In October 1937, in the Franco zone, he was elected president of the Spanish Football Federation created in San Sebastián, and during the civil war, apart from his own military activity, Troncoso managed to structure all football in the so-called "national zone", the Franco zone, with a profusion of tournaments that culminated with the 1939 Copa del Generalísimo. While Troncoso was imprisoned, or fighting in the Ebro, he was replaced at the federation's helm by the journalist López García, who would theoretically hand over the baton back to Troncoso on 26 June 1938 during a meeting held at the headquarters of the Pamplona-based CA Osasuna, but only after the last war report in 1939 can Troncoso be considered an authentic and genuine president of the federation, thus being the 9th president after Leopoldo García Durán, and holding this position for a year and a half. The structure of the new Federation was based, on one hand, on the organization of the fragile professionalism in order for the players to have another professional activity outside of sport that would allow them to survive with dignity when the money from football ran out; on the other, the implementation of a percentage of the box office allocated to the visiting team, with the intention that the economically powerful clubs would help those less endowed with means, but important in terms of the production of players. This task, perhaps romantic, was naturally hindered by those big clubs, which together with the problem of the First Division vacancy that Real Oviedo had left and that he had promised to Osasuna de Pamplona, forced his resignation in October 1940.

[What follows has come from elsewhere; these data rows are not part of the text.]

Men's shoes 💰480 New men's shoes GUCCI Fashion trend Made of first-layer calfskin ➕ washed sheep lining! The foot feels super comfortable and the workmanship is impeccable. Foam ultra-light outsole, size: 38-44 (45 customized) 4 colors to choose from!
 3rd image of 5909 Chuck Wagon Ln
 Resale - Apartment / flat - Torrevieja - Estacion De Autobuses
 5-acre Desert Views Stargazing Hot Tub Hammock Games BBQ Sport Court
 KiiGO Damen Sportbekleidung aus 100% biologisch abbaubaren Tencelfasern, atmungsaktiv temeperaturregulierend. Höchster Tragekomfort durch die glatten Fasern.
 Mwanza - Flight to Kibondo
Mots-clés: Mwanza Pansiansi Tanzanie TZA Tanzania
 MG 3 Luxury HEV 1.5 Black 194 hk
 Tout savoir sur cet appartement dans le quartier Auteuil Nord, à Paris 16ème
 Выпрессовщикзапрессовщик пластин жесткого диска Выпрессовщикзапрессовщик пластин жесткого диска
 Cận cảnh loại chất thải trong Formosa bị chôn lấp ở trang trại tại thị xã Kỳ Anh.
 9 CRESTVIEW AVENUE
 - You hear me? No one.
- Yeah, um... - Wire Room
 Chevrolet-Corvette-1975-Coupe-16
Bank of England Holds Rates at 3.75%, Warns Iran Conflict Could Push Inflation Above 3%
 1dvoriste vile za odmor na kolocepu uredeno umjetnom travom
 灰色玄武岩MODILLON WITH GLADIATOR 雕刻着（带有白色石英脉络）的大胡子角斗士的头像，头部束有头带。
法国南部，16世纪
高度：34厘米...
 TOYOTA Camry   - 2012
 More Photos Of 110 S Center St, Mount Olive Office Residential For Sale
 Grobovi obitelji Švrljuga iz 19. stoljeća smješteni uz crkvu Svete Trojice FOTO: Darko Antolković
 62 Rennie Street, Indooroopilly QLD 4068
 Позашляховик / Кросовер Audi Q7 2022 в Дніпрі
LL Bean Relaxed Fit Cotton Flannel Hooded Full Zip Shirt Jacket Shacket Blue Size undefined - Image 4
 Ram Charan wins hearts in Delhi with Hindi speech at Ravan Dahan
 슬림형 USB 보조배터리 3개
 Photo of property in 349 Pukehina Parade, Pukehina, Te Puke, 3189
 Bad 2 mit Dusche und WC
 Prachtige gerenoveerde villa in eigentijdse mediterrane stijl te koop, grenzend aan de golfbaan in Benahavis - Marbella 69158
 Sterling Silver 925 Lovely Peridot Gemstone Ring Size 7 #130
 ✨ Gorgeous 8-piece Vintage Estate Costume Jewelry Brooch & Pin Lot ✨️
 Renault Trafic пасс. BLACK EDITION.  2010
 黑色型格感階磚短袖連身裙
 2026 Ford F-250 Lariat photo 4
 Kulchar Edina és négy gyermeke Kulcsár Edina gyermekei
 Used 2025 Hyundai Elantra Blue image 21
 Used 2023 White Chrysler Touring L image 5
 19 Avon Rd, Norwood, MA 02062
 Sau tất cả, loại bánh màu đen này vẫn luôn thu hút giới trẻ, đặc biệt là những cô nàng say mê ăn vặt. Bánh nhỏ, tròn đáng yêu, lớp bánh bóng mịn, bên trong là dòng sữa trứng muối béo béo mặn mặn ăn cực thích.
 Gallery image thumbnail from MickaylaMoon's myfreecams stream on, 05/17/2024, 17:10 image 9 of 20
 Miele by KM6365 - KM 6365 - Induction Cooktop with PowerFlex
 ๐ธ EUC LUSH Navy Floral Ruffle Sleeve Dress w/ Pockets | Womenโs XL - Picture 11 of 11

His efforts with the International Football Federation (FIFA), which culminated with the recognition of the Spanish Federation of San Sebastián, allowed international continuity for Spain after the end of the Civil War and, later, the Second World War. After the Civil War, Troncoso was appointed president of the Spanish Football Federation by the National Sports Delegate General Moscardó. He had a younger brother who was a director of Real Madrid for several years under the presidency of Santiago Bernabéu, and Troncoso himself was also vice president of Real Madrid between 1961 and 1964, and was also an attorney in Cortes for the National Transport Union that he presided over, being a businessman in the sector.

Such was his sporting vocation that until the end of his days, he taught physical education in secondary schools.